> **EXERCISE DATA**:
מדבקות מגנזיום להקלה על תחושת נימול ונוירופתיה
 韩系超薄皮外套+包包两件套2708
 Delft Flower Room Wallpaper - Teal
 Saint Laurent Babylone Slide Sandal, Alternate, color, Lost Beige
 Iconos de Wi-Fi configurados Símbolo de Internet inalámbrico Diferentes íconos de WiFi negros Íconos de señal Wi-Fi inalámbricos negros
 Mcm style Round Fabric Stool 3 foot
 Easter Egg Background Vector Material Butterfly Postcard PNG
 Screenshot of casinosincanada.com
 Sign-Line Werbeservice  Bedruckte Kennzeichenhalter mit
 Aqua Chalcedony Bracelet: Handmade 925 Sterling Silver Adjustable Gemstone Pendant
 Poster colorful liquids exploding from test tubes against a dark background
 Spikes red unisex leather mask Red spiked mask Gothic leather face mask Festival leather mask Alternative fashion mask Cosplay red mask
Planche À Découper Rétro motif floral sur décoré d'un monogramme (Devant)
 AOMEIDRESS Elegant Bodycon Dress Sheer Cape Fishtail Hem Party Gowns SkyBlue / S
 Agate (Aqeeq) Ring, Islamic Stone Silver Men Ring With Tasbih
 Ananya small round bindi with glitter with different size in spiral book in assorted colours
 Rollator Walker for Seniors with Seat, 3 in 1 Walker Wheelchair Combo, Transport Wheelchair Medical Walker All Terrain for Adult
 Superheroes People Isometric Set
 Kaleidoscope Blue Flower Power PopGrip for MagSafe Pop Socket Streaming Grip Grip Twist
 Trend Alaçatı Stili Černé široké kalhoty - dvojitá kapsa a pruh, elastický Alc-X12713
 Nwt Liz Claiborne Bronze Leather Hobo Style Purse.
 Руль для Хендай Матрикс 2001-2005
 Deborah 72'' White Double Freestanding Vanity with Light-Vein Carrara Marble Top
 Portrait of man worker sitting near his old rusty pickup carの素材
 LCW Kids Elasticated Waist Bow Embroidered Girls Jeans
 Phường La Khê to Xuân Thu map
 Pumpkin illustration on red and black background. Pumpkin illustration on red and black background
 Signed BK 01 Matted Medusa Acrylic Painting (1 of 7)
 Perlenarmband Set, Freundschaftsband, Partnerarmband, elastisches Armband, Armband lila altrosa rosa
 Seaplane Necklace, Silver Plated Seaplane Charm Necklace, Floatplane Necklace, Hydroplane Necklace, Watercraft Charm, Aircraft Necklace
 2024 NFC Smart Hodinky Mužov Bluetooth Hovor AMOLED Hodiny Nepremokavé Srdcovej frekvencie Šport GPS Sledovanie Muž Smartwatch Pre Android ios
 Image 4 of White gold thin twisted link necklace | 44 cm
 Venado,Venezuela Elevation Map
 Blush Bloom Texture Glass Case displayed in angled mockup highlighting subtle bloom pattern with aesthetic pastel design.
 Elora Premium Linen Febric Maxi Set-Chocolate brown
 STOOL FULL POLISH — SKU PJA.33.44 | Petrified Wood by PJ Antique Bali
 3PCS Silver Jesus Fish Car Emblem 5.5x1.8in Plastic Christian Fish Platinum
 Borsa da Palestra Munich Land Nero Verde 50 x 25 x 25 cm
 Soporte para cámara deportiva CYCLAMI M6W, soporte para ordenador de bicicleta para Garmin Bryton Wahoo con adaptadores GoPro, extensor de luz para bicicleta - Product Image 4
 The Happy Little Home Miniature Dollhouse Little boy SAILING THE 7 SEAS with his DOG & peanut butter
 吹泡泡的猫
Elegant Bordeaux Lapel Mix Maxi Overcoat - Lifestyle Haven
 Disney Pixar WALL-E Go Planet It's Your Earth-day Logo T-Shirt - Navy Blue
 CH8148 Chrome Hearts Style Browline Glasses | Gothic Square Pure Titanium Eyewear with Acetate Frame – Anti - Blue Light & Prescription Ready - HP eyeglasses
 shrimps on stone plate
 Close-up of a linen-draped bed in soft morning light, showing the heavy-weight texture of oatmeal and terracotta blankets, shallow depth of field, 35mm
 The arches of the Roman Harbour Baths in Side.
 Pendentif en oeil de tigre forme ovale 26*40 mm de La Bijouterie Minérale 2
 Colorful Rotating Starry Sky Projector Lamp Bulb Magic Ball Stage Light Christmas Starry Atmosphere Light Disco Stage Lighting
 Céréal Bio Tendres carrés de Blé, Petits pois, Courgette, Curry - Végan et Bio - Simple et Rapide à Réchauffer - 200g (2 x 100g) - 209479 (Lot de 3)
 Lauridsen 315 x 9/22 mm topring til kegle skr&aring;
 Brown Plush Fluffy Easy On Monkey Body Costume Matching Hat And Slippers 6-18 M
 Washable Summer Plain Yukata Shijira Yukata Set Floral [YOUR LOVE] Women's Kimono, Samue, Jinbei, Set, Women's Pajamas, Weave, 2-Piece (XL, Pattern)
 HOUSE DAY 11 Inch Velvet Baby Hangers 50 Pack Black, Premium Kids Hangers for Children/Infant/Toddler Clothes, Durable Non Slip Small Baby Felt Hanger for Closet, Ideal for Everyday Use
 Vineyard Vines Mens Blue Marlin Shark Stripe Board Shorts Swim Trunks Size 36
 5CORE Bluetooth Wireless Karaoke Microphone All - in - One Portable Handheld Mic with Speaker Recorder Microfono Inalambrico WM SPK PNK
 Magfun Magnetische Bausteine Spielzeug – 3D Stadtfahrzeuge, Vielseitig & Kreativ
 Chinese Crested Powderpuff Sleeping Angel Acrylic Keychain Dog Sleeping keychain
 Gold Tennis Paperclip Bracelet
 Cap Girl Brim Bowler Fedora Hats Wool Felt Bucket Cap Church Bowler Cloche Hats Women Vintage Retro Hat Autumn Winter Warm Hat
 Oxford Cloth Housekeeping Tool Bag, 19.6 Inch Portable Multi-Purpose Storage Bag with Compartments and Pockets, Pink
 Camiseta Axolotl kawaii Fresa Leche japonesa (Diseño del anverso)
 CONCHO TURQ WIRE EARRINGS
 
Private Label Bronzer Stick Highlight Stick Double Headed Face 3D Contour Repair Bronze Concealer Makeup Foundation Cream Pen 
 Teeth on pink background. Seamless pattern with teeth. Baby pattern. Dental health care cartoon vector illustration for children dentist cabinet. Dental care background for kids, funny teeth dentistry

> **THE TASK**: Show the lines from the data above that contain the string "Bluetooth".

> **ANSWER SPACE**:
 2024 NFC Smart Hodinky Mužov Bluetooth Hovor AMOLED Hodiny Nepremokavé Srdcovej frekvencie Šport GPS Sledovanie Muž Smartwatch Pre Android ios
 5CORE Bluetooth Wireless Karaoke Microphone All - in - One Portable Handheld Mic with Speaker Recorder Microfono Inalambrico WM SPK PNK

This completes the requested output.